These Android smartphone OEMs provide the fastest security updates to users

An chart released by @SecX13 compared the performance of mobile phone manufacturers when providing security updates. While Samsung is the leading Android phone manufacturer worldwide, the company receives middling scores in the report, with weeks of delays before the first rollout of security patches, and delays for worldwide availability of security patches measured in quarters. Support timelines for Samsung phones range from 1-2.5 years, depending on the model of phone.

In the interest of completeness, the chart also includes iPhones as well as smartphones running Windows Mobile released by Microsoft or Nokia. Because of the effects of vertical integration, these phones receive updates immediately from the manufacturer when available. Apple provides the longest support for security updates at five years (excluding the iPhone 5C, which received 4), though this is not without problems. Microsoft continues to provide security updates for Lumia devices, though the last Lumia phone was released two years ago.

While Google-branded devices such as the Pixel and Pixel 2 should naturally follow this pattern, Google uses a staged rollout system for updates, which can delay update delivery by up to two weeks, though there may now be a way to override the staged rollout.

For phones sold through carriers, updates are delayed further. Essential, the phone company run by Android co-founder Andy Rubin, does not use staged rollouts, making it, on average, faster than Google’s own ability to deploy updates. However, as of last December, it appears only 50,000 Essential phones had been sold.

Blackberry is ranked third among Android device manufacturers in the chart, with security updates available weeks after their publication, across different models. Blackberry is susceptible to delays from carriers, though the company honors their guarantee of two years of security updates.

Nokia (as HMD Global) and Sony are ranked just behind Blackberry, though official availability of Nokia phones stateside is limited. While Sony is a major smartphone player in Japan and Europe, the company has had difficulty making a meaningful impact in the US market due to difficulties working with carriers, and an unexplained problem that prevented the company from shipping phones with fingerprint sensors (though they can be enabled by flashing a different region ROM to the phone.) Sony’s 2018 lineup, including the XA2 and XZ2 series do include fingerprint support, though it was moved from the power button.

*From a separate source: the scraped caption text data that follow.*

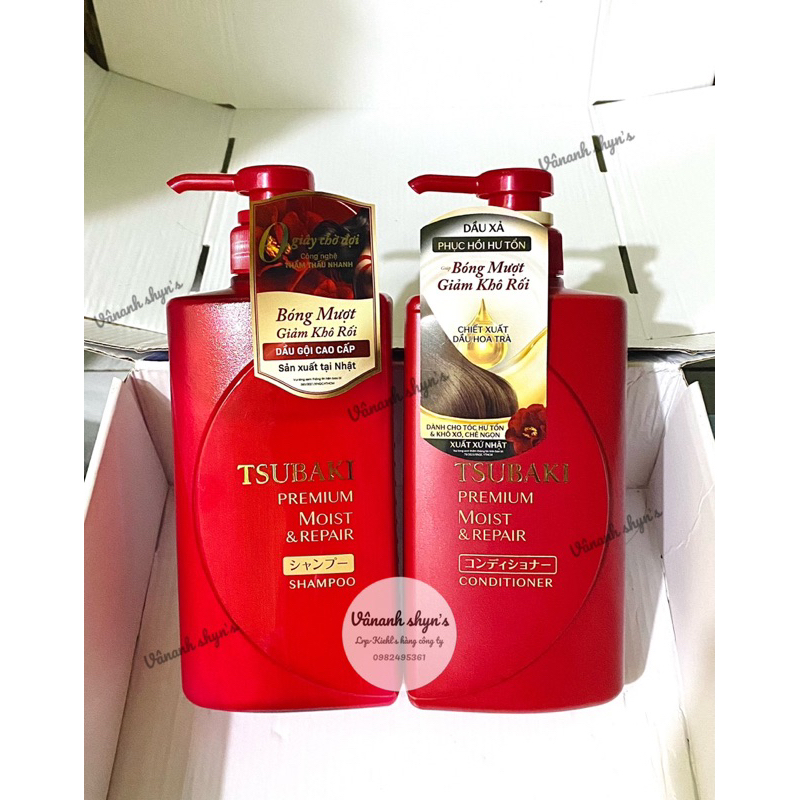 Combo Gội Xả - Dầu Gội Tsubaki Premium Repair Tsubaki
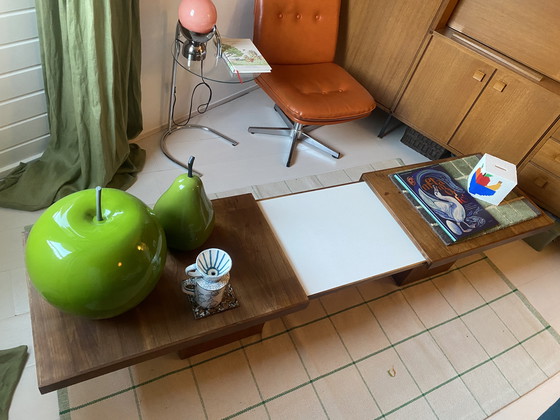 Image 1 of Extendable coffee table / side table mid-century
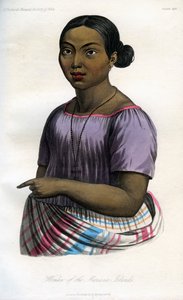 Woman of the Mariana Islands, 1848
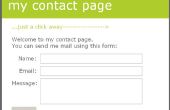 Einfache PHP persönlichen Kontakt Homepage (web3.0!) 
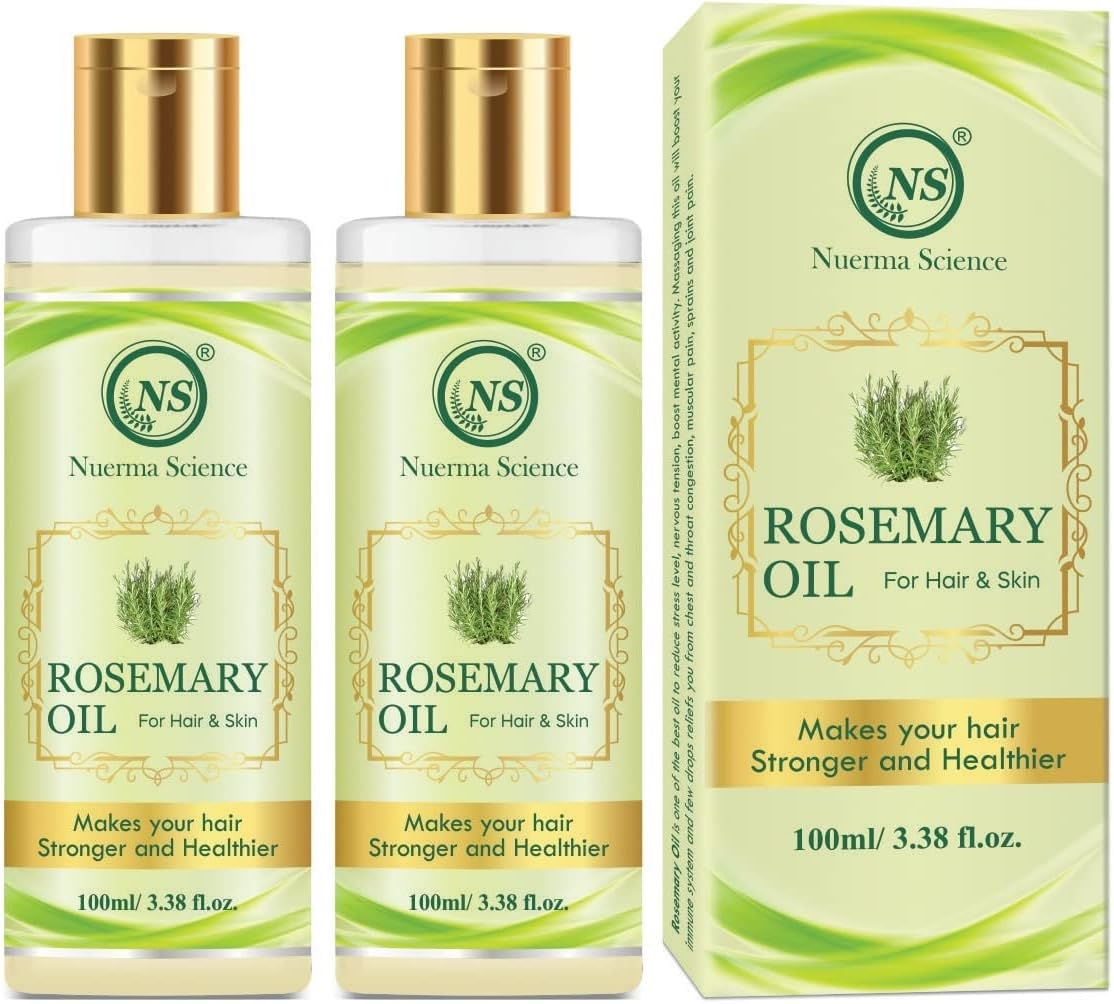 Nuerma Science Rosemary Oil for Hair 200 ML (Pack of 2, 100 ML Each)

Rounding out the bottom of the list are Blu and Wiko, both of which are effectively imprints of Shenzhen-based ODM Tinno Mobile. Device support ranges from 1-1.5 years, with no security updates available within a month after publication. Marginally better than those two are HTC and Huawei, which do manage timely security updates on limited phones in specific circumstances.

While the report specifically addresses security updates, the difficulty of building updates in general is one that Google has sought to fix with the release of Android 8.0 (Oreo). Devices that ship with Oreo or higher are obligated to support Project Treble out of the box, which will allow device manufacturers to streamline the update process, as the overhead of building updates is lessened.